I’m 19, and I love babies. Not much of a conversationalist, but it’s not as if you talk about anything in particular…

When it really caught folks’ attention was when I was a kid. At 10, 11, 14, etc, I loved to hold babies, did a lot of babysitting, etc., and it drew a lot of comment. Fortunately that predated the almost obsessive concern with males as child molesters, so although I think there was some concern about that, I don’t think it was as bad as it would’ve been a decade later.

That understandably exaggerated fear places a real barrier between men and children.
Too bad, for both.

Their smiles and laughter sustain me. I love talking to the kids who are old enough. I love playing games. I especially love answering their questions. My dream job is hosting my own children’s television show.

One of the consolations of old age will be that people will see me as a grampa type and no longer suspect me of being a molester.

I guess that concern (fear, really) is more pervasive that I realized.

I love babies.

I will willingly spend hours with them. Just delightful. There is no one on the earth who is smarter, and more engaged in the process of learning than a newborn baby.

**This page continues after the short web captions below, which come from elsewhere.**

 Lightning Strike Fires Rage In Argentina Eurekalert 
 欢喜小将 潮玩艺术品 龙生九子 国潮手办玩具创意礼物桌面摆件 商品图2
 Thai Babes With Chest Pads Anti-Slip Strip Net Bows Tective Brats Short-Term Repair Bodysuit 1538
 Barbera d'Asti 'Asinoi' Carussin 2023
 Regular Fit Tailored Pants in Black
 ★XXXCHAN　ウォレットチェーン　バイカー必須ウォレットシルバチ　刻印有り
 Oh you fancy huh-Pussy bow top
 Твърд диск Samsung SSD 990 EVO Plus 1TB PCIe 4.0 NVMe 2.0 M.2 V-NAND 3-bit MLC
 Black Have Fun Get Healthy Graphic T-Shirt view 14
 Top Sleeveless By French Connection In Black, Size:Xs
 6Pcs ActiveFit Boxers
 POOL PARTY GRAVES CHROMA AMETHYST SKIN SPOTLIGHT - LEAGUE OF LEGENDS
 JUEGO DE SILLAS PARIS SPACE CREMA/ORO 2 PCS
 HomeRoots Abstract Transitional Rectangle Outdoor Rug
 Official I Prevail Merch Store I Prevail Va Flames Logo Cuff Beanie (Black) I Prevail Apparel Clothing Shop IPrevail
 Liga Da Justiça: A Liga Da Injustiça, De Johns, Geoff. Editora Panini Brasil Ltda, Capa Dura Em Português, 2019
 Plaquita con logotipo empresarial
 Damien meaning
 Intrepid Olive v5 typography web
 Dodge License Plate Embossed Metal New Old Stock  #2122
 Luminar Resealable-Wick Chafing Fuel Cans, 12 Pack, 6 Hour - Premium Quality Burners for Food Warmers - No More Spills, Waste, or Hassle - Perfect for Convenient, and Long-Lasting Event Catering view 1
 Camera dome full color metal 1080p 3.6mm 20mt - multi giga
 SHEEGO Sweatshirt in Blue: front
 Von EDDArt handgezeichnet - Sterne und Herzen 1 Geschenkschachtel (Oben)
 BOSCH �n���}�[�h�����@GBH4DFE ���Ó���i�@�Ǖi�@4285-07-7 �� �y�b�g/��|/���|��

Life is a constant adventure! Every day is a treasure.

All the silly warning about poo, pee, and puke are silly. Yeah, they leak. So what? That’s what diapers are about.

Tris

Tiny hands, gripping
Wide eyes serenely watching
Everything is new.

Listen, baby, I will sing
Look at me, and we will laugh

Sleepy eyes closing
So much new to do each day
Every tomorrow.

My attitude to infants and toddlers changed when I first spent time with my nephew, then 15 months old. Now I’m incredibly indulgent with children. As a single guy, there’s nothing like having a baby asleep in your arms. And the best part? When they scream or stink, you get to hand them back!

Aw, this is terribly cute.

Yes, it really is. Men and kids would both be better off if they were able to interact more freely. I don’t joke about how my husband would love to steal this baby or that toddler in public, as people would probably take me seriously.

Done that. Not a happy experience. I told a 5 or 6 year old little girl that I’d give her a shiny quarter for her noisey little brother. She got it, and laughed, and so did dad, but mom got on a roll and wouldn’t stop even after my explanation and semi-apology.
Children, in a way, belong to all of us.

Why do I think the key word here is their?
Ie: maybe what you’re getting turned on by is a man who is safe and domesticized, is presumably a steady provider, and is probably unavailable.

I dunno. Have you seen that commercial where the woman gets out of her car and is much admired by the men present? Turns out she has three kids and they’re all surfing.
I think she’s sexy as all get out, and it has nothing to do with the qualities you mention.Enough so that I don’t remember what the commercial is for.